Nous ne sommes pas face à la droite libérale traditionnelle qui a caractérisé le néolibéralisme triomphant des années 1980 et qui a inauguré un cycle de 20 ans. À l’époque, elle se sentait porte-drapeau d’un destin universel et final de l’humanité autour du libre marché, de la mondialisation, du multiculturalisme et de l’État minimal.

L’extrême droite actuelle ne promet pas un destin de paix mondiale fondée sur les marchés, mais une purification apocalyptique des impies qui s’opposent à l’« inégalité naturelle » des personnes.
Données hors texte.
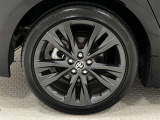 タイヤサイズは215/45R17!残り溝は6ミリ程度です!純正アルミホイール!アルミホイールに傷があります。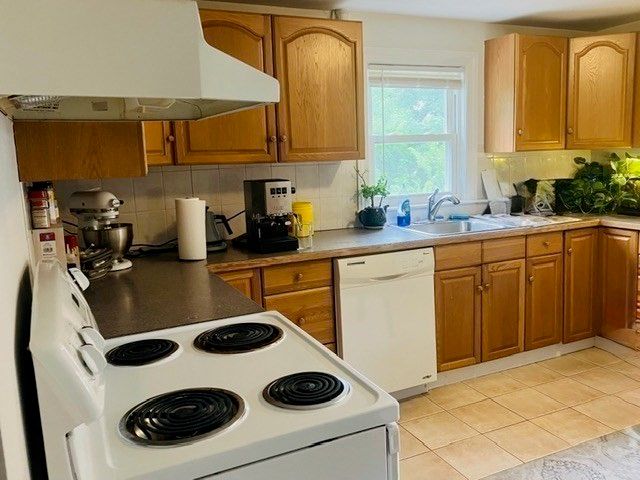 58 Cherry Street 2, Newton, MA 02465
Pour l’extrême droite, il n’y a pas de paradis à atteindre, mais les braises d’un Armageddon dans lequel purifier les déviations d’une humanité corrompue par les aspirations à l’égalité.

Cette extrême droite fanatique a grandi au début du XXIe siècle à mesure que le néolibéralisme régional est entré en crise et que la société a embrassé un malaise généralisé. Elle s’est renforcée parmi les classes moyennes rancunières là où les progressismes ont atteint le gouvernement et ont impulsé des processus d’égalisation et de mobilité sociale ascendante des classes populaires. Et elle est devenue gouvernement là où les gestions progressistes ont déçu les attentes de bien-être des classes nécessiteuses.

Cependant, contrairement à ce qui s’est produit dans les cycles antérieurs de la montée des extrêmes droites en Amérique latine, les actuelles chevauchent un projet sociétal mutilé et à court terme qui, sur le plan économique, va à contre-courant des tendances émergentes dans le monde.